> **INSTRUCTIONS TO FOLLOW**
Copy nothing but the lines from the one containing "Bir yaban ördeği" through the last line of the entries below, exactly as written and without pictures.

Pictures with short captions
..........

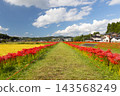 在茨城縣日立田市新宿町源氏川旁的道路兩旁，盛開著一簇簇的紅色彼岸花（Lycoris radiata）。 143568249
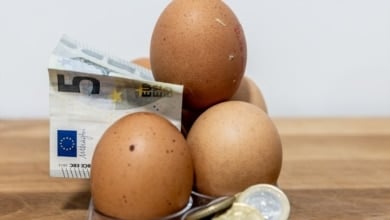 El precio de los huevos se dispara aún más con la gripe aviar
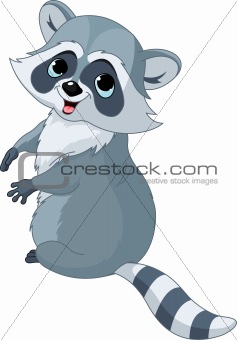 Cute cartoon raccoon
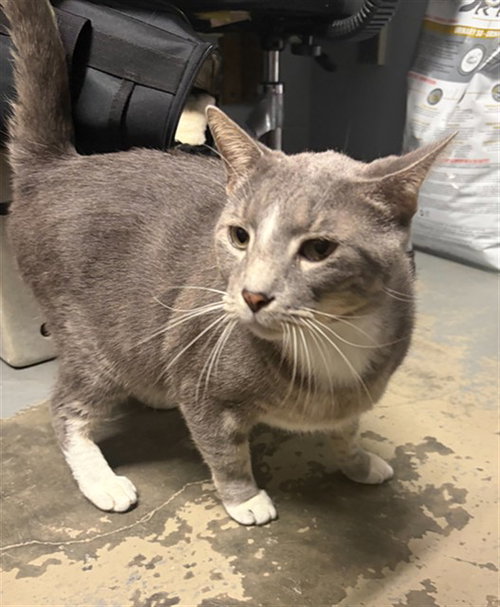 CHURCH, an adoptable Domestic Short Hair in Tallahassee, FL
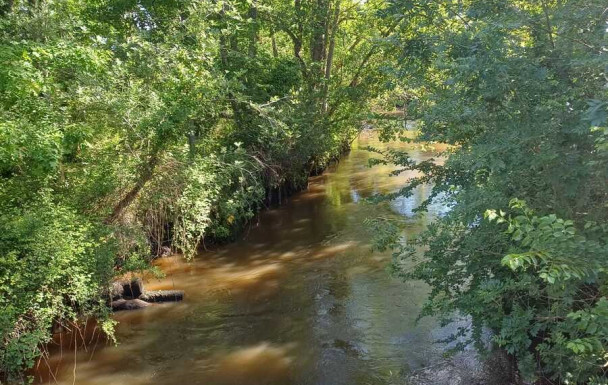 LE TEICH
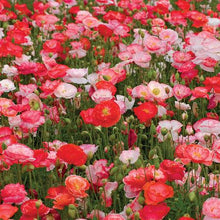 Load image into Gallery viewer, 300 Falling in Love Poppy Flower Seeds
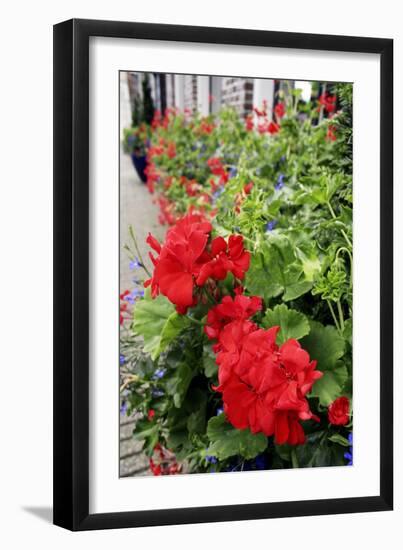 Geranium Flowers (Pelargonium Sp.)-Chris Martin-Bahr-Framed Photographic Print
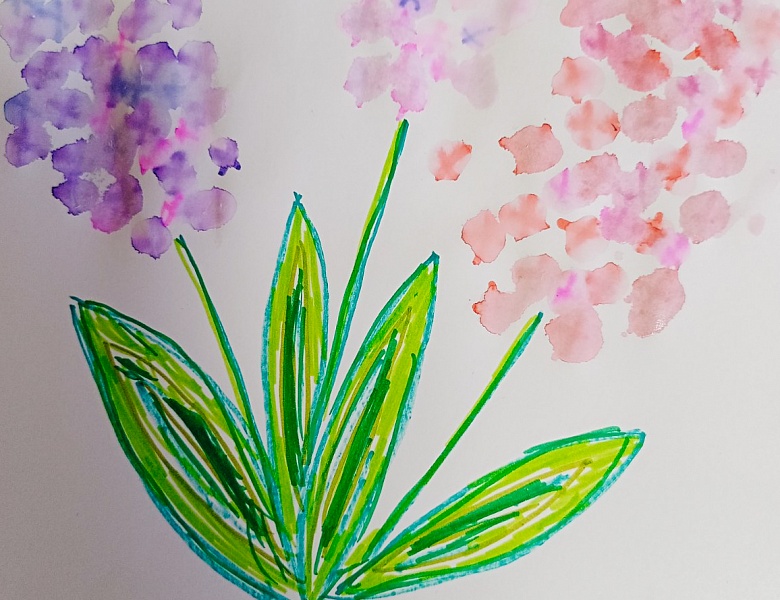 Занятие в ШМВ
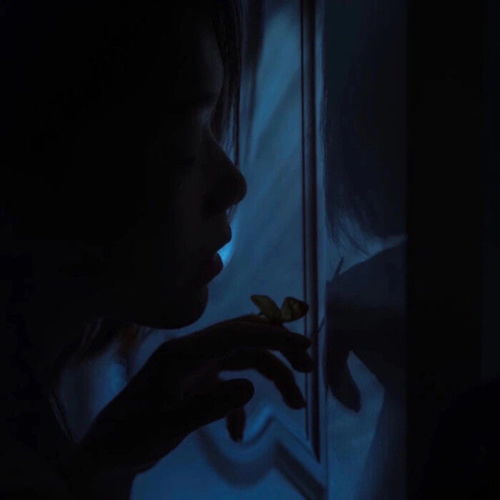  小众又高级的句子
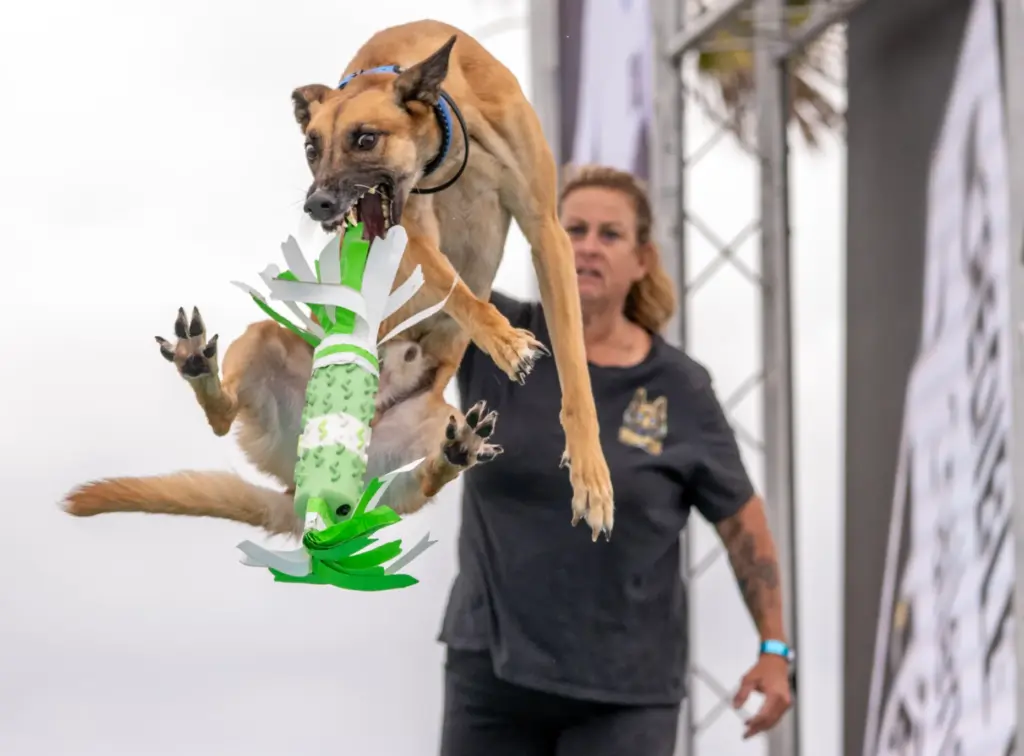 Melissa Ness of Ramona looks on while her dog, Falkor,...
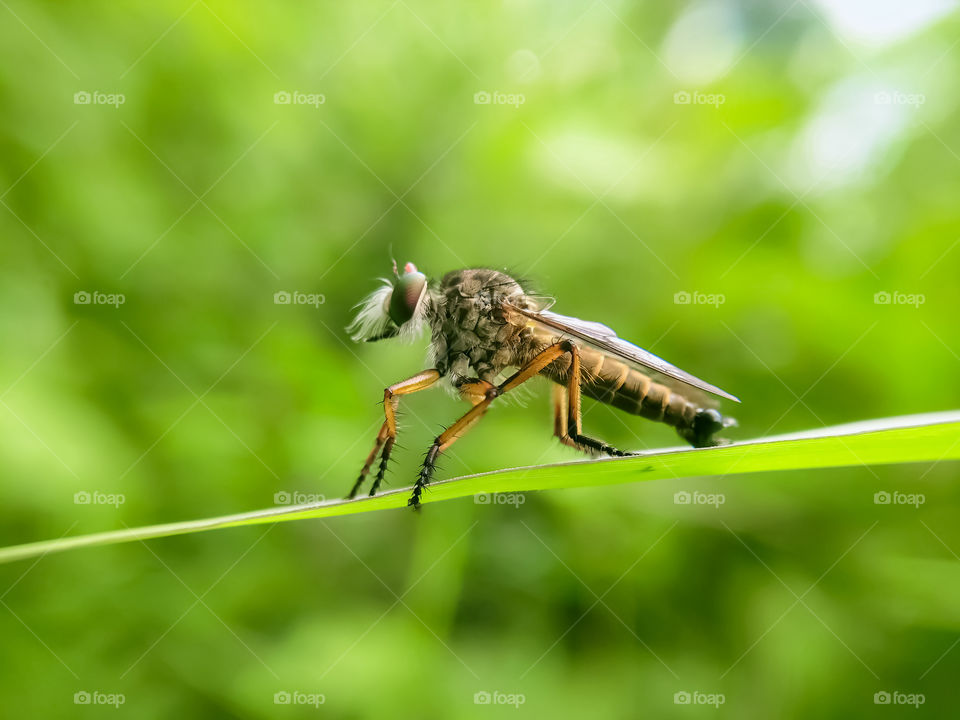 Robber fly, It is a very aggressive predatory Insect, The way they catch their prey is by ambushing it when the prey is flying.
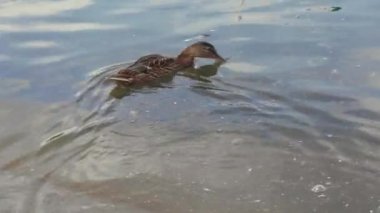Bir yaban ördeği yazın şehrin genel bahçesindeki büyük gölette yüzüyor ve dalıyor..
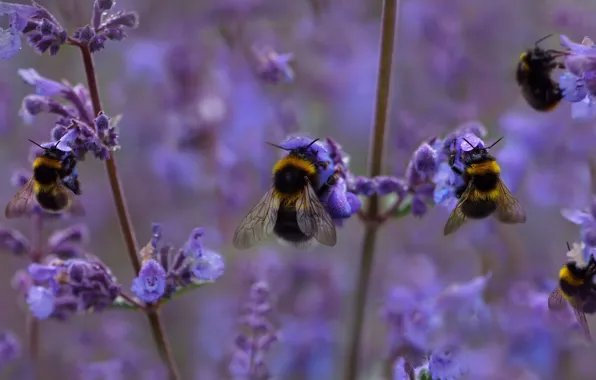 Picture field, bumblebees, flowers, bees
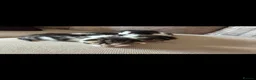 Domestic Shorthair cats for sale: 3 Beautiful Kittens Looking for Their Forever Home - Advert 17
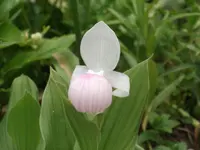 DSCF1829.webp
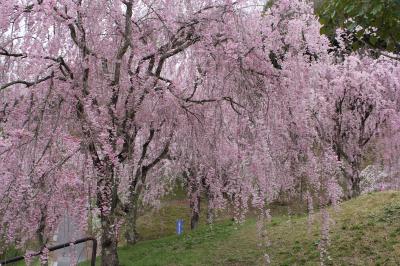 福島の春を楽しむ旅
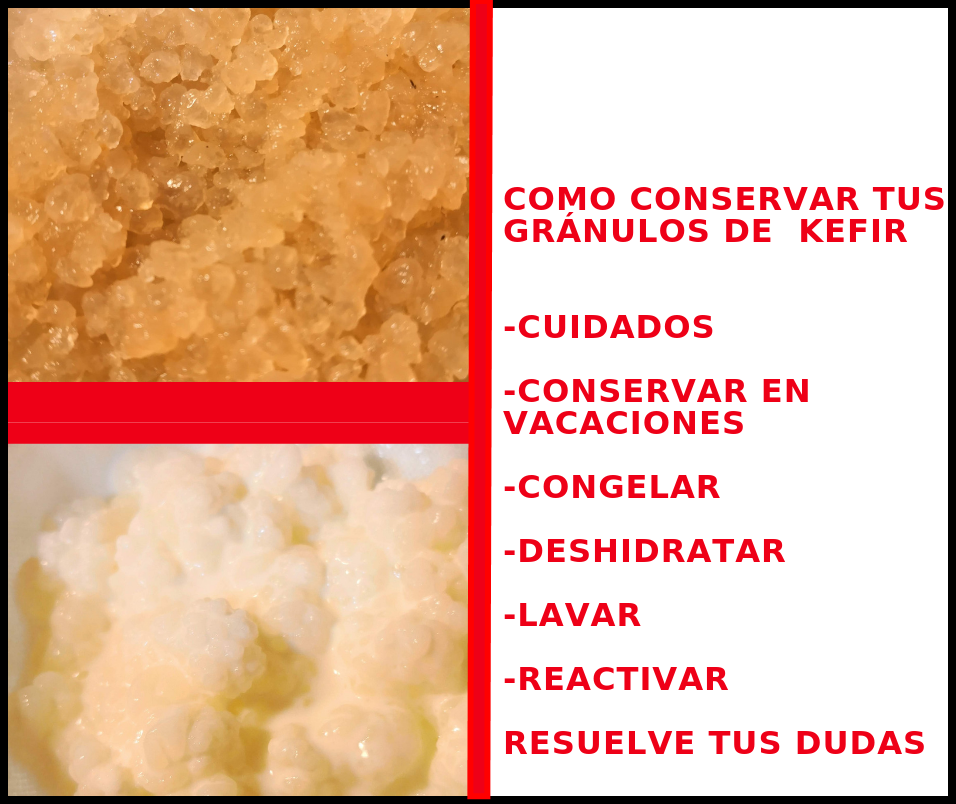 Como congelar kefir de agua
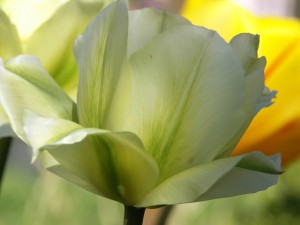 Spring green tulipan kommer år efter år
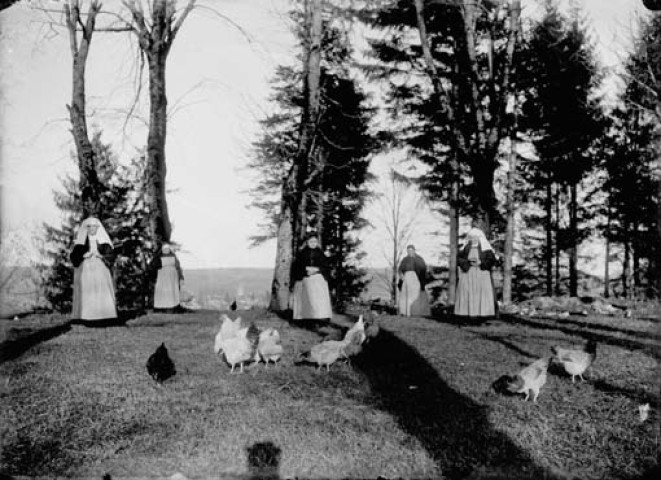 Religieuses donnant à manger aux poules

..........

> **EXERCISE ANSWER**
Bir yaban ördeği yazın şehrin genel bahçesindeki büyük gölette yüzüyor ve dalıyor..
 Picture field, bumblebees, flowers, bees
 Domestic Shorthair cats for sale: 3 Beautiful Kittens Looking for Their Forever Home - Advert 17
 DSCF1829.webp
 福島の春を楽しむ旅
 Como congelar kefir de agua
 Spring green tulipan kommer år efter år
 Religieuses donnant à manger aux poules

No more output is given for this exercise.